Hizbullah’ın kuruluşundan üç yıl önce bu propaganda, savaşı ve barışıyla siyasi düşüncenin simgesi Enver Sedat'ın öldürülmesiyle sonuçlandı.
Dinci radikaller tarafından gerçekleştirilen ve siyasi radikalizm yanlıları tarafından övgüler düzülen bir suikast...
Hizbullah bu propaganda altında şımartılarak büyütüldü. Üzerinden sorumluluk kaldırıldı. Siyasi rasyonaliteye düşmanlık bayrağını dalgalandırdı. Kendini beğenmiş tekrar eden başarısız küçük örgütler tarafından sloganlarının desteklenmesinden beslendi.
Ardından 41 yıl önce Sedat'ın cenazesinin yıl dönümünde kaderin cilvesi, ona her zaman destek olan bu husumeti de kaybetmesini istiyor. Lübnan, İsrail ile deniz sınırının çizilmesi için anlaşma taslağına vardı. Bu, Hizbullah'ın onayı ve desteği olmadan Lübnan’ın adım atmaya ve el sıkışmaya cesaret edemeyeceği bir anlaşma.
Siyasi rasyonalite ile olan husumeti, propaganda yapması açısından Hizbullah’a yardımcı oldu. Direniş hareketlerinin birinci, ikinci ve üçüncü başarısızlıklarını tekrarlaması için bu husumet ona moral desteği verdi.
Husumet davasını müzakere edilmiş çözümlerle kaybettikten sonra propaganda şimdi durur mu? Şüpheliyim! Ancak kesinlikle manevi ivmesinin çoğunu kaybedecek ve daha geniş sektörlerde alay konusu olacaktır.
Her muhalifi, Hizbullah'a baskı ve düşmanlıkla kan verdi. Hizbullah, bu muhaliflerin varlığı sayesinde daha önce kazandıklarının yanı sıra daha fazlasını kaybetti.
İnandırıcılığını, konumunun ve taraftarlarının konumlarının görünürdeki tutarlılığını, görünüşteki yüksek ahlakını ve taraftarlarının niteliğini kaybetti.
Hamas Hareketi'nin gösterdiği tutumdaki kafa karışıklığı bunun bir delilidir. Medyadaki direniş uzmanlarının şüpheli sessizliği manidar. Hasan Nasrallah'ın medya aldatmacası safça.
Gözleri “Bu nedir canım?” sorusundan "Bu bir anlaşma mı yoksa bir uzlaşma mı? Kalıcı mı yoksa geçici mi? Geçici ise ne kadar sürecek?" sorularına çevrilmekten şaşı oldu ve ikincil sorulara tatmin edici olmayan cevaplar verdi.

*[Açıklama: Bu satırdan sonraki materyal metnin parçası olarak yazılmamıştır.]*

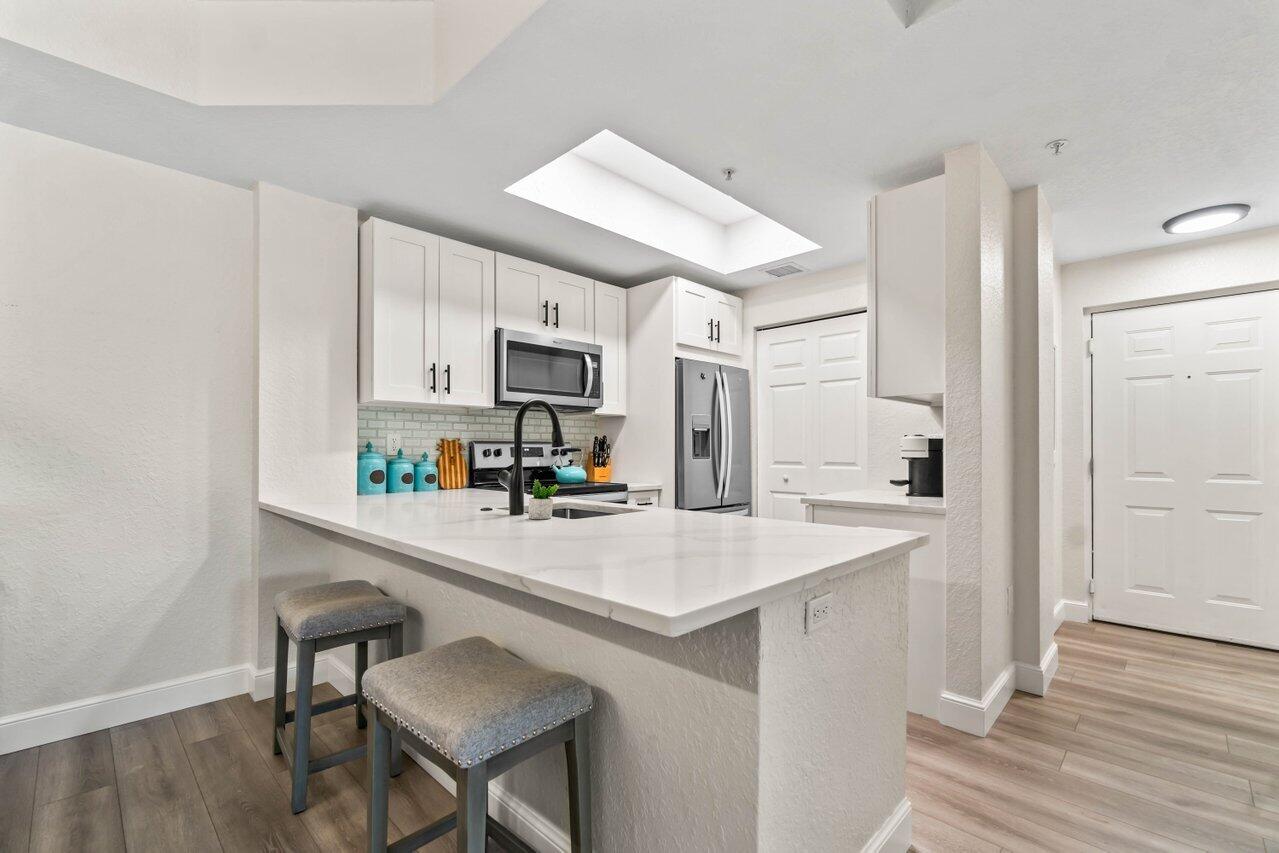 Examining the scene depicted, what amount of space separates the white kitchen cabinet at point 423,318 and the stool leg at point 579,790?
217 cm

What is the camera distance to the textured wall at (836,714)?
1188 millimetres

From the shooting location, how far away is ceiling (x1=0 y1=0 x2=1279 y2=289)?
170 cm

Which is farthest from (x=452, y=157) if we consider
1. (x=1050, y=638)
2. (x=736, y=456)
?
(x=1050, y=638)

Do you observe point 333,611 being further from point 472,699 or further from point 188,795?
point 472,699

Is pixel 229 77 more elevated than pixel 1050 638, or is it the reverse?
pixel 229 77

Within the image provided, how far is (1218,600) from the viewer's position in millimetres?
3396

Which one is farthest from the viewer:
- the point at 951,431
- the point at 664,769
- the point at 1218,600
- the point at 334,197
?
the point at 1218,600

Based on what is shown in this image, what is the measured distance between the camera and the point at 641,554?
4.45ft

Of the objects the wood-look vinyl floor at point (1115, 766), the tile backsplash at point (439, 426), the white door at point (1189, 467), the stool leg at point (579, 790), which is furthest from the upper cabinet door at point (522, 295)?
the white door at point (1189, 467)

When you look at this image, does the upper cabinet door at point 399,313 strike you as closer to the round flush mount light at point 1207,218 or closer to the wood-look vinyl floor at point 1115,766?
the wood-look vinyl floor at point 1115,766

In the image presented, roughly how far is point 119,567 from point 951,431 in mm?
3512

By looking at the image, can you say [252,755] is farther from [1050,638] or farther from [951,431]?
[1050,638]

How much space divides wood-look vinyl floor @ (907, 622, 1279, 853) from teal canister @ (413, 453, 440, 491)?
2.66 m

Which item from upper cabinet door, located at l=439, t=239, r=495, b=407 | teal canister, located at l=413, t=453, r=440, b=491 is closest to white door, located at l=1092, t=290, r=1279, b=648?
upper cabinet door, located at l=439, t=239, r=495, b=407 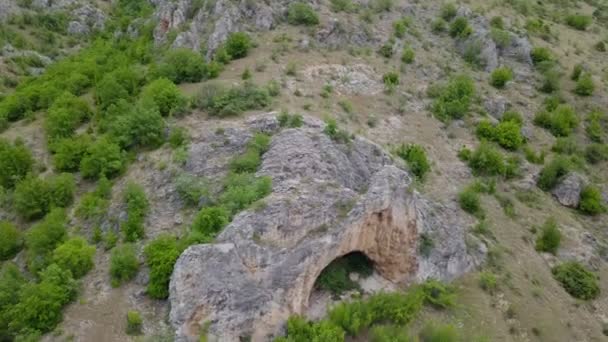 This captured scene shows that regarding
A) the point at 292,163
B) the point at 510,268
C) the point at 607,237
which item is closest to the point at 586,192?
the point at 607,237

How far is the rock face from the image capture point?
17000 mm

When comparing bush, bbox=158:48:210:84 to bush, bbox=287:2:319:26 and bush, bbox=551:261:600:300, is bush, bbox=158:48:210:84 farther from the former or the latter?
bush, bbox=551:261:600:300

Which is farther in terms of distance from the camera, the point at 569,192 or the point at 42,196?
the point at 569,192

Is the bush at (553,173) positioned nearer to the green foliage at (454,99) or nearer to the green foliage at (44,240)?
the green foliage at (454,99)

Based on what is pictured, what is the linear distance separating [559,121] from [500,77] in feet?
17.6

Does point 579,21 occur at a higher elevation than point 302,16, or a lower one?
lower

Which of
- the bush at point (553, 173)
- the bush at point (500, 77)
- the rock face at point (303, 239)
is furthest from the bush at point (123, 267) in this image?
the bush at point (500, 77)

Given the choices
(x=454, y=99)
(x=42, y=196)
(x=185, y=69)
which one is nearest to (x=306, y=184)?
(x=42, y=196)

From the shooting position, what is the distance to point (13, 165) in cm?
2572

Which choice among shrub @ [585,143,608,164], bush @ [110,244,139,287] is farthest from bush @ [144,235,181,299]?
shrub @ [585,143,608,164]

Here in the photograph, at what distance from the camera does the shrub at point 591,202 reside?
27484 millimetres

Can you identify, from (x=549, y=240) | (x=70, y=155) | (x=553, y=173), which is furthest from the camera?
(x=553, y=173)

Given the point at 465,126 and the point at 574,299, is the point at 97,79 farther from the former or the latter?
the point at 574,299

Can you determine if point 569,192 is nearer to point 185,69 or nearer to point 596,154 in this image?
point 596,154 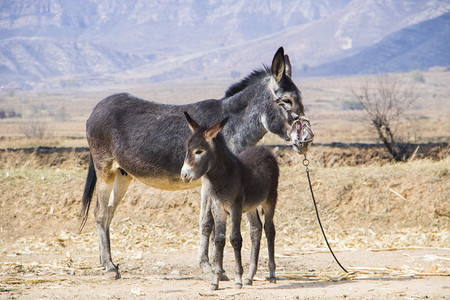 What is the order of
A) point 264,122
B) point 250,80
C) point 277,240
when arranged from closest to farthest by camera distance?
point 264,122, point 250,80, point 277,240

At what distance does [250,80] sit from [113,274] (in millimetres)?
3922

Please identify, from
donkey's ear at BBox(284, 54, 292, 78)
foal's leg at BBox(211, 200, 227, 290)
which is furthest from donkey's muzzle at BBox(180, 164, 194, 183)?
donkey's ear at BBox(284, 54, 292, 78)

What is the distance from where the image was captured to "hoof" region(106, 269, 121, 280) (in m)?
9.73

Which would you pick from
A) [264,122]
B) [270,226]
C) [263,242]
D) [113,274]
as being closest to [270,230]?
[270,226]

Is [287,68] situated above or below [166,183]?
above

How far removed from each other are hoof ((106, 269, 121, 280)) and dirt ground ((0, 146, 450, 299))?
0.57 ft

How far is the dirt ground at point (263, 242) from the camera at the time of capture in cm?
835

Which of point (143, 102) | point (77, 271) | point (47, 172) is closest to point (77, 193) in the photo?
point (47, 172)

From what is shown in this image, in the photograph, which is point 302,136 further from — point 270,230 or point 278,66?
point 270,230

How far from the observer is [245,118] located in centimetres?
913

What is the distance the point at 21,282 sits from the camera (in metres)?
9.19

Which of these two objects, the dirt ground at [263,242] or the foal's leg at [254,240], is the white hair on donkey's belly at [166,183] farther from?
the dirt ground at [263,242]

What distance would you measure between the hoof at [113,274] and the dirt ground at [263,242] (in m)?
0.17

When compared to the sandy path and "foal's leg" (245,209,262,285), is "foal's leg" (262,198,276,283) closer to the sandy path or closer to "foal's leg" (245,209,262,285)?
"foal's leg" (245,209,262,285) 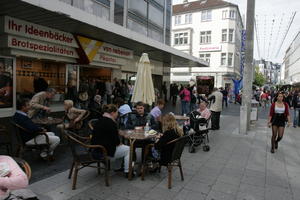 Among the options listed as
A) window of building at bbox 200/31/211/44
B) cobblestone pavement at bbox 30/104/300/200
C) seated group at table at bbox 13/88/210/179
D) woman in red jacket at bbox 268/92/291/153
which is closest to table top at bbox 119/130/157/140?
seated group at table at bbox 13/88/210/179

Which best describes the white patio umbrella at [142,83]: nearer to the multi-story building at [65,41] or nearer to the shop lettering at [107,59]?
the multi-story building at [65,41]

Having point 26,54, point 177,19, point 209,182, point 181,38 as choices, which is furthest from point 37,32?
point 177,19

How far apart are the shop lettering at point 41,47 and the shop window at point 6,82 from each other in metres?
0.82

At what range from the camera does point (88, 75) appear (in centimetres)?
1316

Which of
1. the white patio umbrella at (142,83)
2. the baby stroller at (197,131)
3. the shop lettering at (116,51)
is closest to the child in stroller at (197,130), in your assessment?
the baby stroller at (197,131)

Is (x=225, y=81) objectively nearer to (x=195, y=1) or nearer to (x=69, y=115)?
(x=195, y=1)

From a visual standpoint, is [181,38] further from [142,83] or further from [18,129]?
[18,129]

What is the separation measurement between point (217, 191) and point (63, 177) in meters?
2.68

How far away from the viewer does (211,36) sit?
37.1 meters

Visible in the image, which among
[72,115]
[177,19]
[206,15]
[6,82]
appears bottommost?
[72,115]

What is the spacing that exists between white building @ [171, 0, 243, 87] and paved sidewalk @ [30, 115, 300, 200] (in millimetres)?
32034

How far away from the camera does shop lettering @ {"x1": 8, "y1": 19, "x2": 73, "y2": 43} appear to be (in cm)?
774

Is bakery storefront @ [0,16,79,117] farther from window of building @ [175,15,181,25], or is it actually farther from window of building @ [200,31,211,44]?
window of building @ [175,15,181,25]

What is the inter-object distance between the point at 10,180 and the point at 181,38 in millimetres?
39967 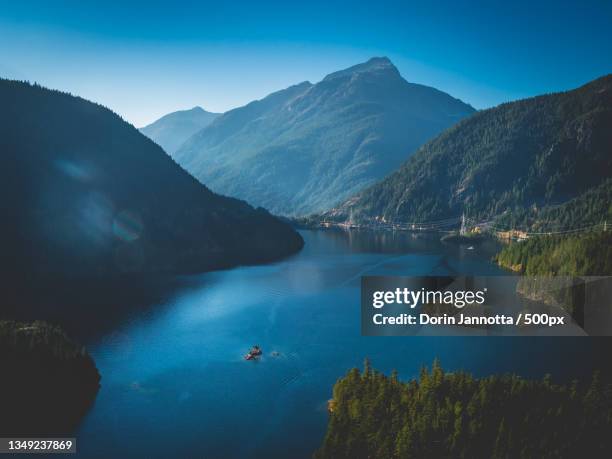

Ne sorulan soru gerçek bir merak seviyesindeydi ne de yanıt, olayın oluşturduğu merakın seviyesindeydi. Bu, kendi içinde Hizbullah'ın yaşadığı krizin farkında olduğunu gösteriyor.
Politika, drama gibidir, hayatımız gibidir, fizik gibidir. Eylemleri yoktan meydana gelmez ve sonuçları, sadece saklanmanızla sizi es geçmez.